Si vous lisez encore cet article, c’est que vous avez probablement le problème vous-même et que vous ne savez pas comment le régler. Si votre cheval vous a déjà embarqué régulièrement, pensez bien qu’il s’agit maintenant de déconstruire un comportement acquis… Autrement dit, c’est loin d’être facile, mais c’est tout à fait faisable avec un bon suivi.

Rappelez-vous : si votre cheval tire régulièrement, c’est que cela lui apporte plus de confort, que de rester avec vous.

  • la déconstruction de la réponse se fera avec cela en tête ! L’objectif, c’est de rendre la chose difficile facile (ici, mettez la raison pour laquelle votre cheval embarque généralement), et de rendre la chose facile difficile (ici, le fait d’embarquer/d’arracher la longe).
  • si votre cheval vous embarque quand il est sur le cercle : faites attention à ne jamais bouger vers lui sur le cercle, mais bien toujours légèrement en reculant. Cela permettra d’aspirer un peu le cheval à chaque foulée – tandis que si vous longez en marchant vers lui, cela le pousse et l’encouragera à s’éloigner de vous.
Serena, correctement incurvée sur son cercle.
  • longez en vérifiant bien que vous maintenez le pli vers l’intérieur du cercle. Ne laissez pas un cheval tourner complètement contre-incurvé, cage thoracique vers l’intérieur du cercle, nez vers l’extérieur. Cela l’encouragerait aussi à s’éloigner. Pour éviter cela, 2 techniques : soit vous marcher toujours légèrement vers ses postérieurs, afin qu’il les chasse légèrement. Soit vous poussez la zone 3 (la cage thoracique) avec votre stick, tout en maintenant le nez à l’intérieur avec une longe courte, et votre main levée.
Ici, Trifine a une position correcte, sa tête n’est pas complètement à l’extérieur du cercle – mais ça pourrait être bien mieux.
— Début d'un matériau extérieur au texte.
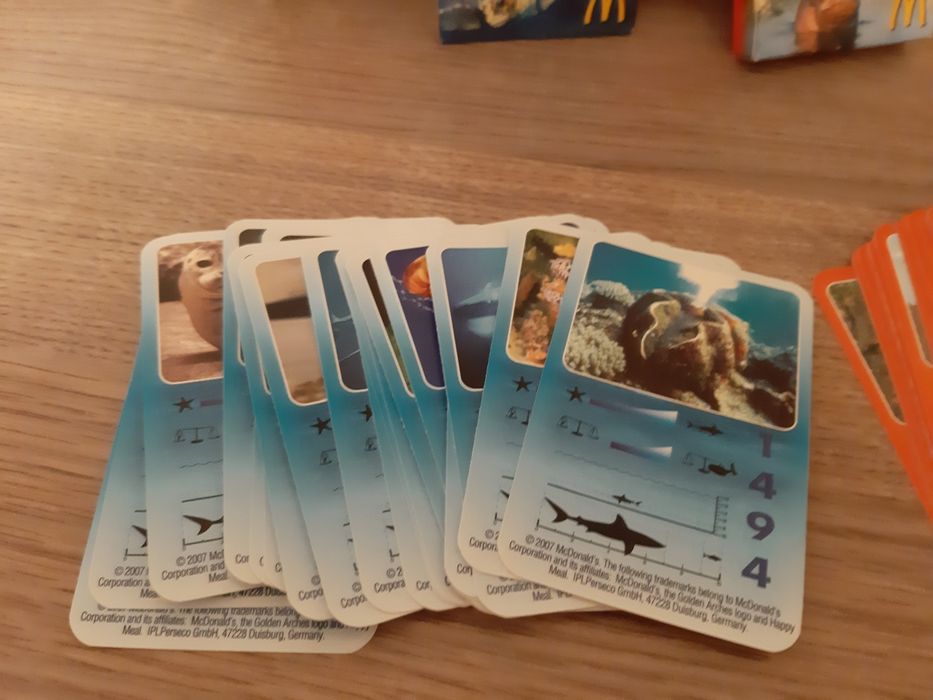 Top Trumps happy meal McDonald kolekcja karty zwierzaki edukacja zesta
Une règle d’or : ne jamais lâcher !

Ça peut paraître simple dit ainsi. C’est pourtant la première règle à suivre comme si votre vie en dépendait. Je me rappelle de mon premier cours avec Aurélie de Mévius, elle m’avait dit : “je préfère te voir faire du ski nautique dans la piste plutôt que de te voir lâcher cette longe.” Elle a bien raison… Plus vous lâcherez la longe, plus votre cheval renforce ce comportement. Ainsi, si le cheval tire vraiment trop fort pour rester en position, je préfère encore voir mes élèves suivre leur cheval en courant, tout en maintenant la pression sur le nez, jusqu’à que le cheval cède.

Moi, désespérément en train de poursuivre Trifine qui a décidé d’embarquer au galop, cette fois-ci. Crédits : Laureline van Overmeir.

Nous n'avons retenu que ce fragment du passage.